Le CNB est saisi pour avis des textes réglementaires relatifs au bruit. Il peut également être saisi pour avis par le ministre chargé de l'environnement de toute question concernant la lutte contre les nuisances sonores et à l'amélioration de la qualité de l'environnement sonore.
Il peut, à son initiative et après en avoir informé le ministère chargé de l'environnement, examiner toute question relative à l'amélioration de l'environnement sonore et proposer les mesures propres à prévenir les nuisances sonores ou à en réduire les effets. Il contribue à l'information et à la sensibilisation de l'opinion dans le domaine de la lutte contre le bruit.

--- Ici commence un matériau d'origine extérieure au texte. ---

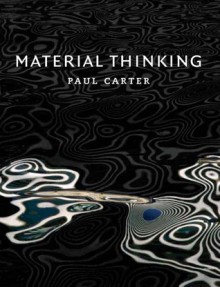 Material Thinking - Paul Carter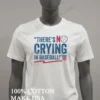 Theres No Crying In Baseball Aagpbl Baseball Shirt White T Shirt 3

À l'échelle nationale, les moyens humains qui sont alloués à la mission bruit et agents physiques de la DGPR sont modestes, trois agents en équivalent temps plein. Eu égard à la diversité des missions, à la technicité des enjeux, et au nombre d'acteurs en présence, cet organe ne semble pas suffisamment étoffé pour s'acquitter de sa mission stratégique de pilotage dans de bonnes conditions. Redéployer des moyens humains au profit de cette mission afin qu'elle puisse jouer son rôle de pilotage serait judicieux. Elle pourrait ainsi définir les orientations stratégiques de l'action des autres administrations concernées, valider les plans d'actions qu'elles définiraient et assurer un suivi des résultats de cette politique publique. Dans la mesure où l'Ademe a indiqué aux rapporteurs ne plus assurer de missions au titre de sa compétence de lutte contre les nuisances sonores, un gisement potentiel de moyens existe donc. Le rôle trop limité de la DGS à l'échelle nationale et des Agences régionales de santé (ARS) dans les territoires est également à revoir, la pollution sonore étant un enjeu de santé publique majeur.

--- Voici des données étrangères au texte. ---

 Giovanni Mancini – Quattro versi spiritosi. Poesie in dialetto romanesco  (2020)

Proposition n° 8 : Redéployer des moyens humains au profit de la DGPR pour renforcer l'efficacité du pilotage de la politique de lutte contre le bruit.
Lutte contre le bruit : les ménages, principaux contributeurs financiers
Selon le ministère de l'aménagement du territoire et de la transition écologique, en 2021, les dépenses allouées à la lutte contre le bruit représentent 2,4 milliards d'euros. L'isolation acoustique des bâtiments représente l'essentiel des dépenses dédiées à la gestion du bruit. Les ménages contribuent de manière prépondérante au financement de ces dépenses (76 %) suivies par les entreprises (17 %), et les administrations publiques (7 %).
2,3 Md€ ont été alloués à la construction de dispositifs de protection, notamment dans le secteur du bâtiment (achat de fenêtres à isolation acoustique renforcée dans les logements neufs et existants). Ces actions visent à protéger principalement les logements contre le bruit extérieur, y compris celui provoqué par les transports.
Les dépenses allouées à la mise en oeuvre de dispositifs de prévention visant à réduire le bruit à la source représentent 68 M€ en 2021. Elles concernent notamment le remplacement des silencieux des véhicules légers et des deux-roues ou la mise en place de revêtements silencieux sur les voies urbaines et périurbaines.
Les opérations de surveillance, de mesure et de contrôle du bruit, comme les réseaux de mesure du bruit des aéroports, représentent une part marginale des dépenses (1 %).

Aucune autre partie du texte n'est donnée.